§ Prompt
Write out exactly, and only, the lines below from the line with "Blood Concept 0 Cruel Incense" through the line with "Tussenwoning te koop: Kuiperspolderke"; pictures do not belong in the copy.

§ Information
________________

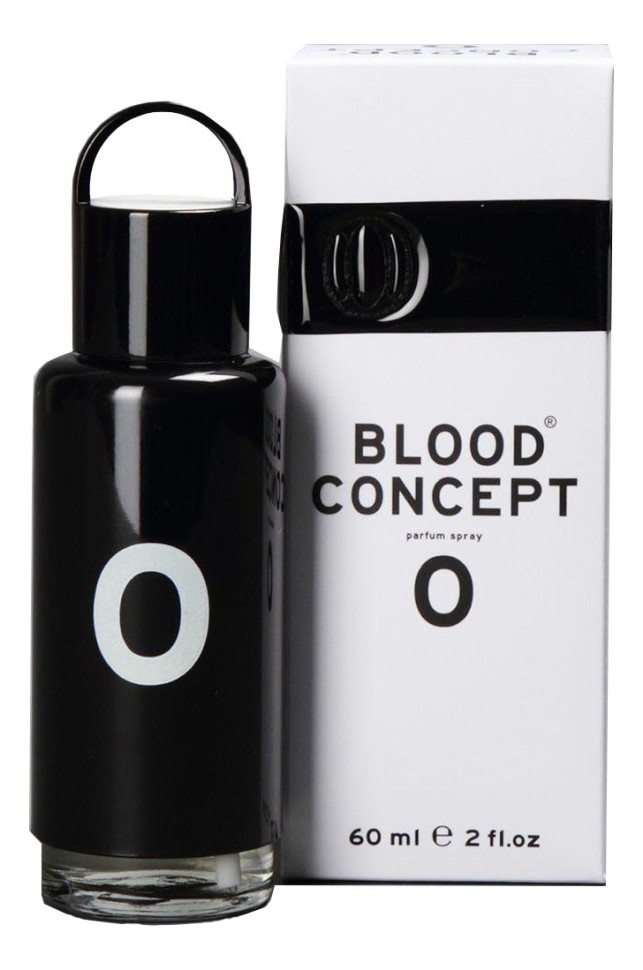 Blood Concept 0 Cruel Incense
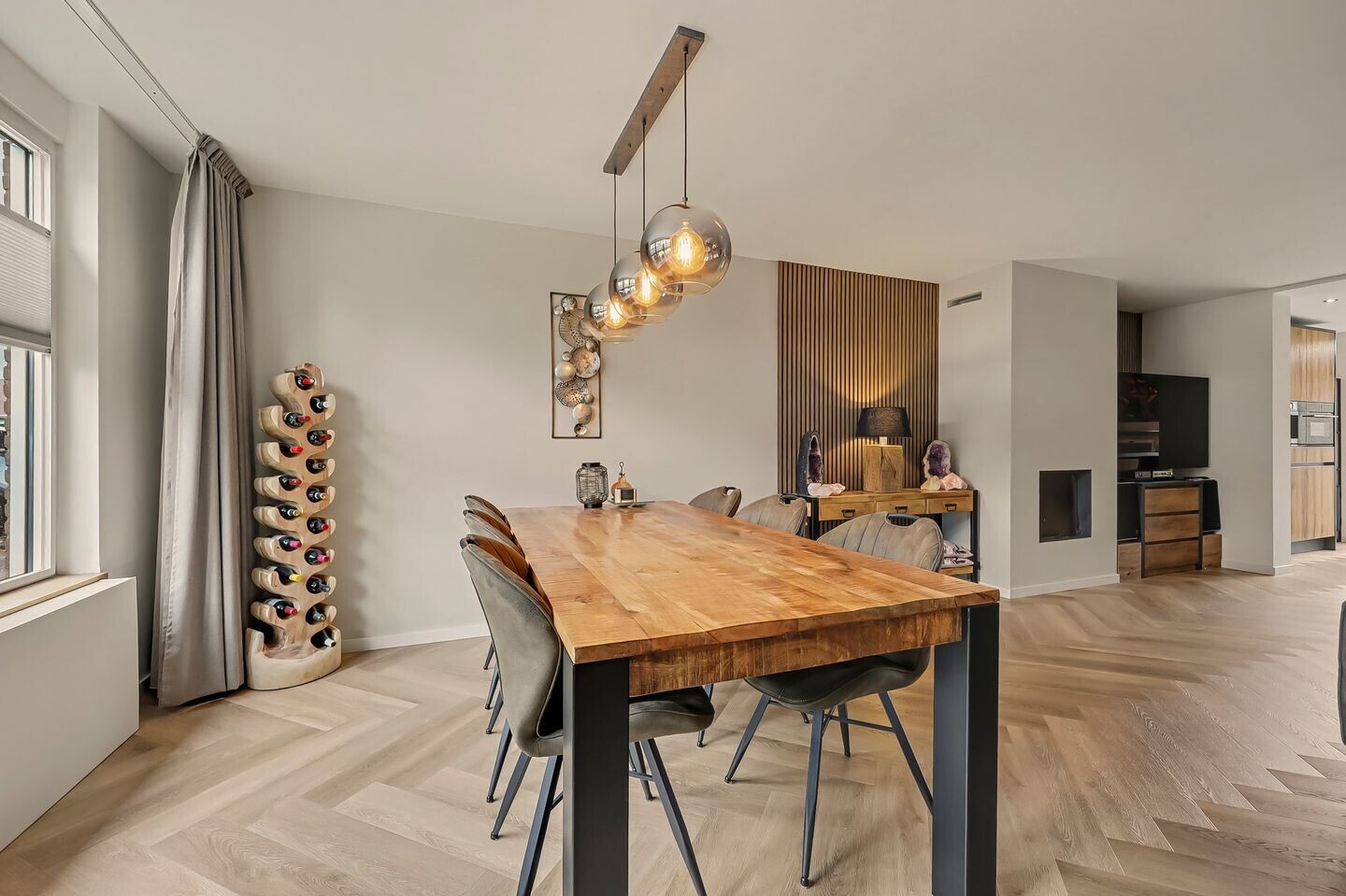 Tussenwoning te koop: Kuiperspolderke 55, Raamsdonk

________________

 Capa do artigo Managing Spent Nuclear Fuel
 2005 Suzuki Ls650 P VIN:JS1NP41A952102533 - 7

________________

§ Written reply
 Blood Concept 0 Cruel Incense
 Tussenwoning te koop: Kuiperspolderke 55, Raamsdonk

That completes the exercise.